**Prompt:** Write out exactly the lines from the one with "Shine On With" through the last line of the data below, but not the pictures.

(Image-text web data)
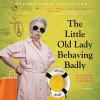 The_little_old_lady_behaving_badly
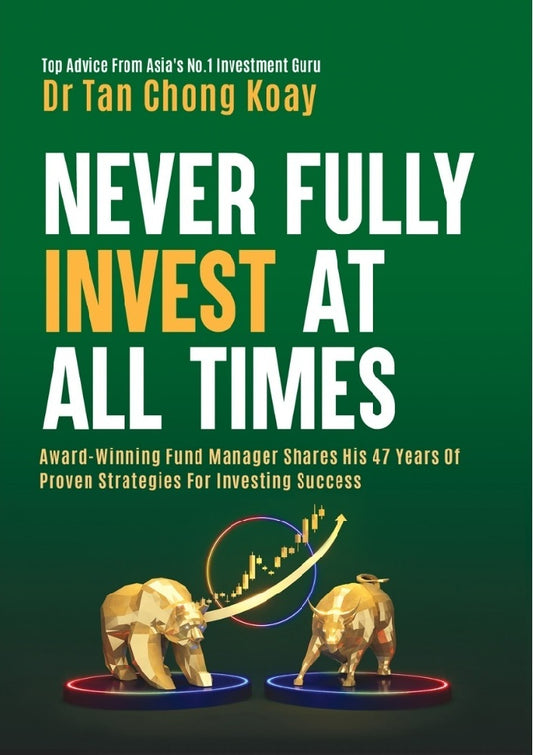 Never Fully Invest At All Times : Award Winning Fund Manager Shares His 47 Years Of Proven Strategies For Investing Success - 9789670015507 - AcePremier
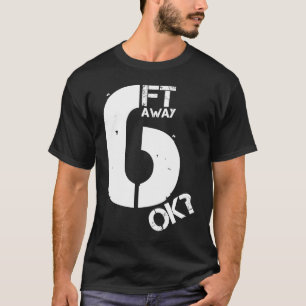 Funny Social Distancing Six Feet Away Rules Social T-Shirt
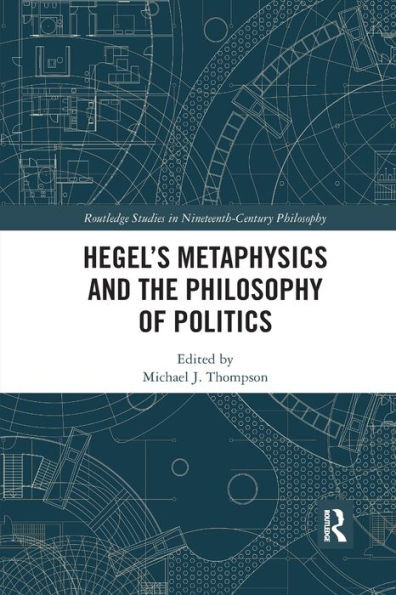 Hegel's Metaphysics and the Philosophy of Politics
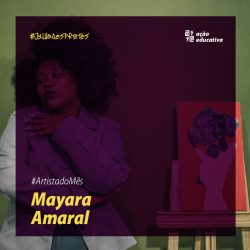 #ArtistaDoMês Mayara Amaral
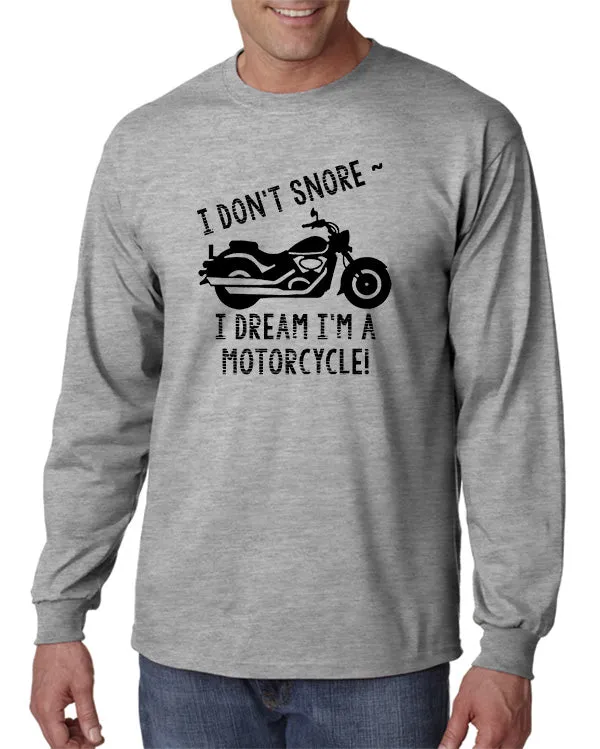 I Don't Snore . . . I Dream I'm a Motorcycle! T-Shirt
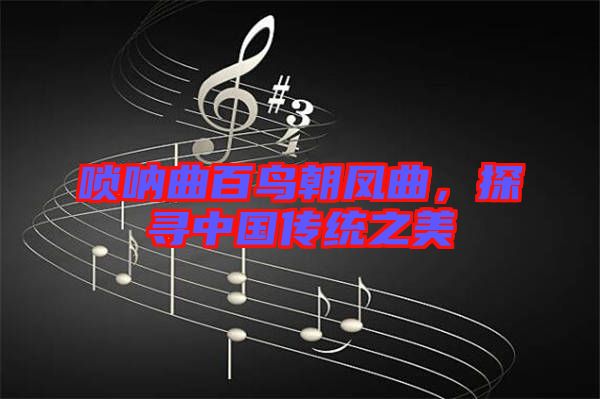 嗩吶曲百鳥朝鳳曲，探尋中國傳統(tǒng)之美
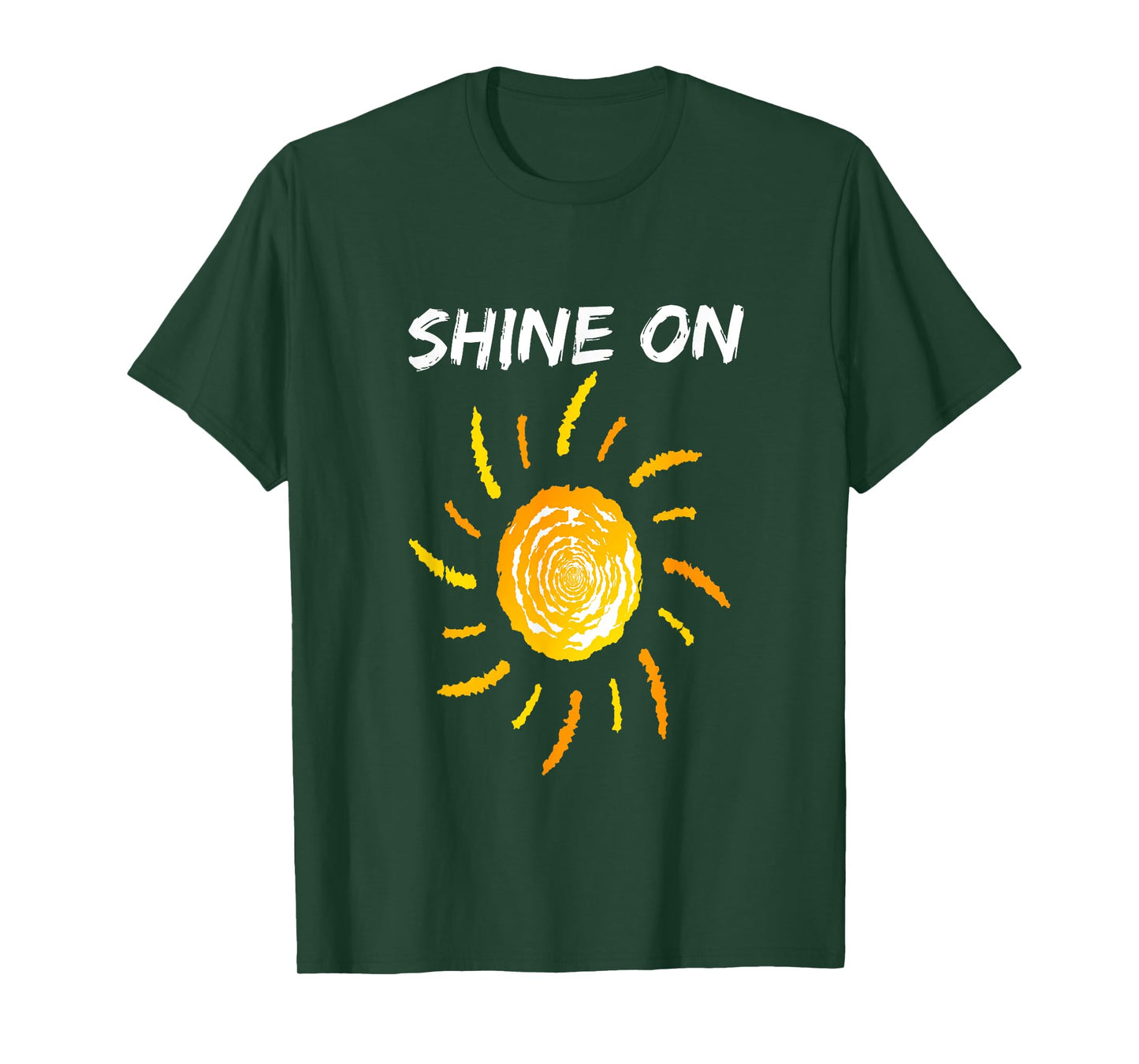 Shine On With Sun Inspiration Tee Shirt T-Shirt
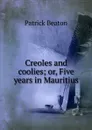 Creoles and coolies; or, Five years in Mauritius - Patrick Beaton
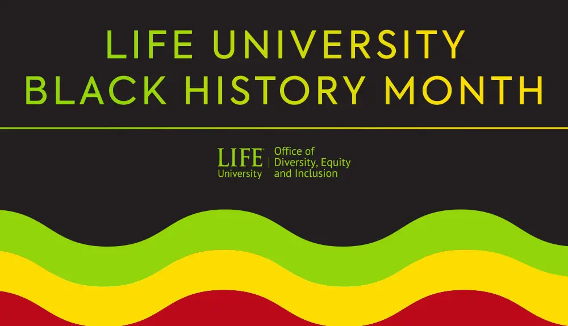 Life University Black History Month 2024 – Events and Thoughts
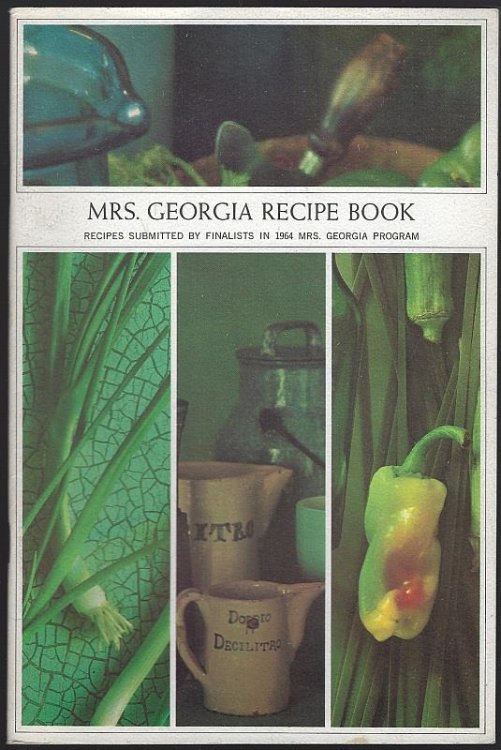 MRS. GEORGIA RECIPE BOOK Recipes Submitted by Finalists in 1964 Mrs. Georgia Program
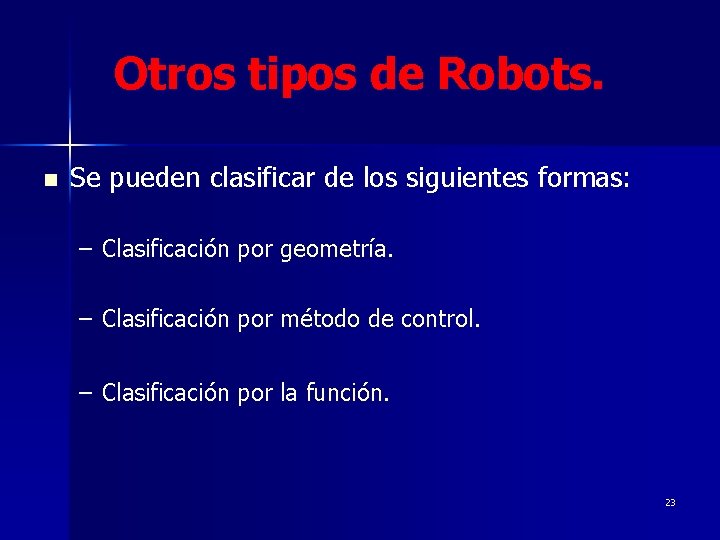 Otros tipos de Robots. n Se pueden clasificar de los siguientes formas: – Clasificación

**Completed exercise:**
 Shine On With Sun Inspiration Tee Shirt T-Shirt
 Creoles and coolies; or, Five years in Mauritius - Patrick Beaton
 Life University Black History Month 2024 – Events and Thoughts
 MRS. GEORGIA RECIPE BOOK Recipes Submitted by Finalists in 1964 Mrs. Georgia Program
 Otros tipos de Robots. n Se pueden clasificar de los siguientes formas: – Clasificación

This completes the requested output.